Re: Redefine[Plus] - problem
- To: mathgroup at smc.vnet.net
- Subject: [mg41134] Re: Redefine[Plus] - problem
- From: bobhanlon at aol.com (Bob Hanlon)
- Date: Mon, 5 May 2003 02:40:55 -0400 (EDT)
- References: <b92ha1$li0$1@smc.vnet.net>
- Sender: owner-wri-mathgroup at wolfram.com
I do not know the cause of the timing difference other than that you modified
the definition of Plus. It is generally a bad idea to modify a built-in
function.
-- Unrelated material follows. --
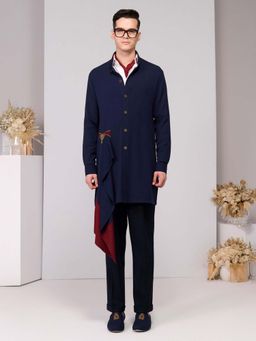S&N by Shantnu Nikhil - Navy Blue Neo-Draped Kurta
Rather than modify Plus, set UpValues of fc using TagSet.
Clear[fc];
fc /: fc[x_]+fc[y_]:=fc[x+y];
fc /: k_?NumericQ + fc[x_] := fc[k+x];
Bob Hanlon
In article <b92ha1$li0$1 at smc.vnet.net>, Petr Kujan <kujanp at fel.cvut.cz> wrote:
<<
Subject: Redefine[Plus] - problem
From: Petr Kujan <kujanp at fel.cvut.cz>
To: mathgroup at smc.vnet.net
Date: Sun, 4 May 2003 08:00:01 +0000 (UTC)
Hello all,
I would be grateful if someone could explain the difference in
time consummation.
I need redefine standard function Plus[] for function fc[]:
Unprotect[Plus];
Plus[a : fc[x_], b : fc[y_]] := fc[x + y]
Plus[k : _?NumericQ, b : fc[y_]] := fc[k + y]
Protect[Plus];
Now easy computation is very slow (time consummation is exponential!):
dat = Table[s, {20}];
Plus @@ dat // Timing
{20.019 Second, 20 s}
But if the symbol s replace by x only:
dat = Table[x, {20}];
Plus @@ dat // Timing
{0. Second, 20 x}
>><BR><BR>